Friday, September 2, 2011

And then I fell in love with my gynecologist...

So on top of an already horrible and awkward couple of weeks, I decided to go get my clean bill of health, and I put in a rush order for it. Mostly for peace of mind (I have no idea how far the lies went), but also because I felt like being proactive should be a new goal for me, and mainly because makin' the rounds, and getting the STD/STI (what do the kids call it these days?) tests is some sort of marker.

So...yay for me.

Basically, they had to fit me in with some doctor that I'd never seen before, which is fine, but I've never seen a dude gynecologist, so I was a little like '...okay...I guess...', in the end, I wanted to get this stuff out of the way fast and if the price I had to pay was some dude poking around down there, well, it's not like that's never happened before. So, like so many things in life, I went for it.

So, I'm sitting in the room, in a gown made for a 600 lb man, wrapped up like a giant burrito, looking like a major turd (don't worry kids I did take a shower, I'm not that bad), expecting some old doctorly looking dude to walk in, and WTF kids, this talldarkandhandsome, age appropriate, not-too-professional, guy walks in and I'm just like, "SERIOUSLY?! UGH. Can things get any worse? Why can't he be weird or uggo or old or SOMETHING?!"
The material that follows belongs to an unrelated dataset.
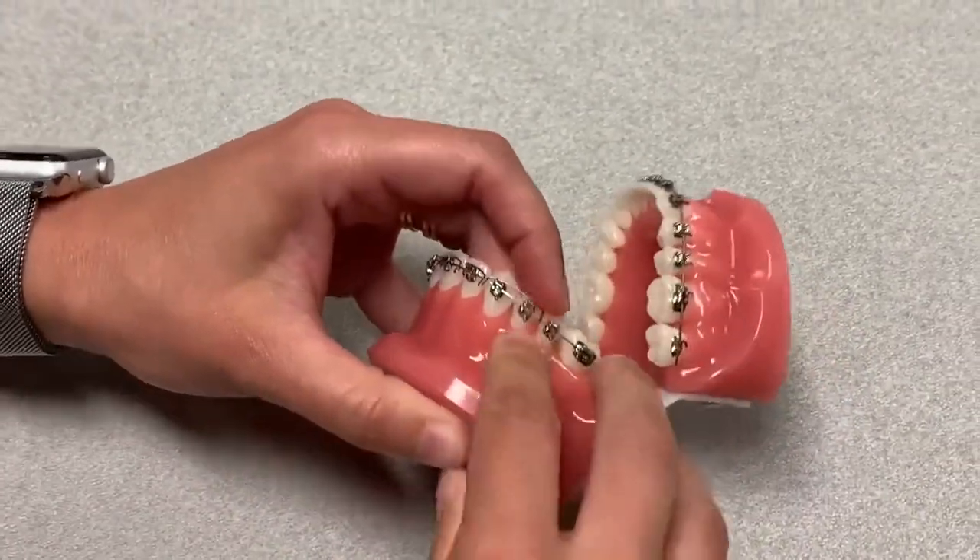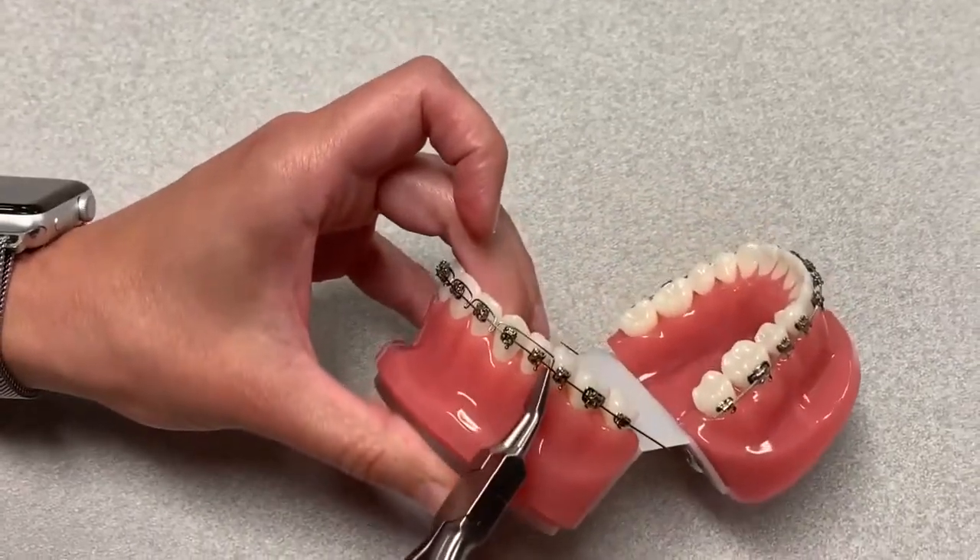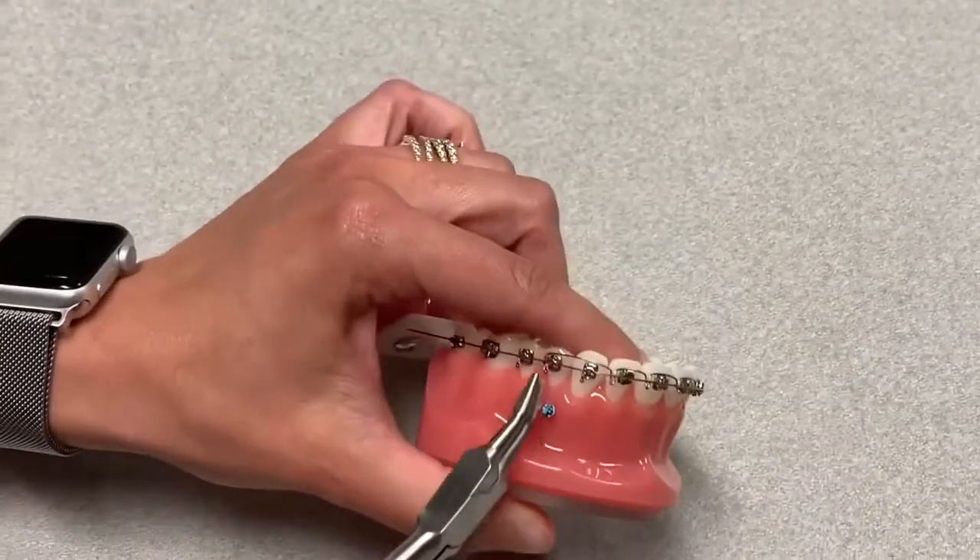So now you would go through and you would crimp here, and crimp the other side.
I gave myself about 1.5 seconds to wrap my mind around it. More than anything else at the gynecologist, you just end up being uncomfortable and embarrassed, and if you're me, then you say about 10 stupid things about nothing and act like a freak, don't worry, I didn't disappoint. For instance I started out one sentence with "Can I just be frank and kind of gross?" Which made him laugh...IMADEHIMLAUGH, IMADEHIMLAUGH, IMADEHIMLAUGH! +1 for meeeeeee!

Do you think he at least wants to be friends? JK. I don't have time for that shit.


  1. Have you ever seen Dead Ringers? Yeah, go watch that.

  2. ew. i saw half of it and had to turn it off. no, my guy is not a creepshack with a gold speculum MEGG! ugh. i shouldn't have to explain it. that movie is part of the reason i didn't want a dude doctor, for the record. ew ew ew ew ew ew! ew.